Камеру тщательно осмотрели, но кроме неприличных и дурных надписей ничего нс было.
— А один ли он здесь сидел? — спросил вдруг Сорокин у дежурного.
— Нет, не один, сегодня утром выпустили мы одного матроса за недоказанностью.
— Какого матроса? — насторожился Ромашов.
В дежурной комнате лейтенант открыл книгу и прочитал: «Духов Михаил Иванович, 1920 года рождения, уроженец Антропшино Ленинградской области. Шкипер-матрос баржи № 212 судоремонтного завода. Проживает: Косая линия, д. 26/28, кв. 17».
— Записывай адрес шкипера, Костя! Мы его должны во что бы то ни стало разыскать. Он нам, наверное, сможет кое-что сообщить.
Взяли дежурную машину и через десять минут были у дома 26/28 на Косой линии. Сорокин с интересом оглядывал здоровенный дом, похожий на большую казарму.
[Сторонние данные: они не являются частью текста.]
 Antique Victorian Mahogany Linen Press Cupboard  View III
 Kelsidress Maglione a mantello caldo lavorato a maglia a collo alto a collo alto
— Это, Костя, знаменитый скобский дворец,— пояснил Ромашов.
— Что это у него за название — скобский?
— История этого дома очень интересная. До войны здесь было общежитие Балтийского завода и жили, в основном, приезжие из Новгорода и Пскова, большинство — ребята деревенские. Квартиры большие, здесь и шпана гаванская вертелась: драки, поножовщина, работы милиции хватало. Славился по всему Васильевскому этот скобский «дворец».
Поднялись на второй этаж. Дверь открыла здоровенная баба в косынке в горошек. Вытаращила на них испуганные глаза.
— Михаил Духов здесь проживает? — спросил Ромашов официальным тоном.
— Нет Мишки, говорят, его в милицию забрали. Все из-за Миньки Клюевой. Как спутался он с ней, семью забросил, так его Бог и наказал.
В комнате стоял затхлый запах, было неуютно, неприбрано. Развешано мокрое белье. В углу стояла люлька с попискивающим младенцем.
— А сегодня Мишка не был. Он у Маруськи Клюевой все ошивается. Вы бы привлекли его, все-таки семья, ребенка бросил, а Маиька Клюева — бездетная тварь.
Младенец в люльке вовсю заголосил.
— А Манька Клюева где работает? — спросил Ромашов.
— Рядом их баржи стоят, у Тучкова моста.
— Вас как зовут?
— Лукерья я, по батюшке, Глебовна.
— Так вот, Лукерья Глебовна. Мы оставляем вам повестку. Как только Михаил появится, вручите ему. А мы сами попытаемся разыскать Марусю Клюеву и вашего супруга.
— Да, да! — оживилась баба,— отыщите, накажите, привлеките.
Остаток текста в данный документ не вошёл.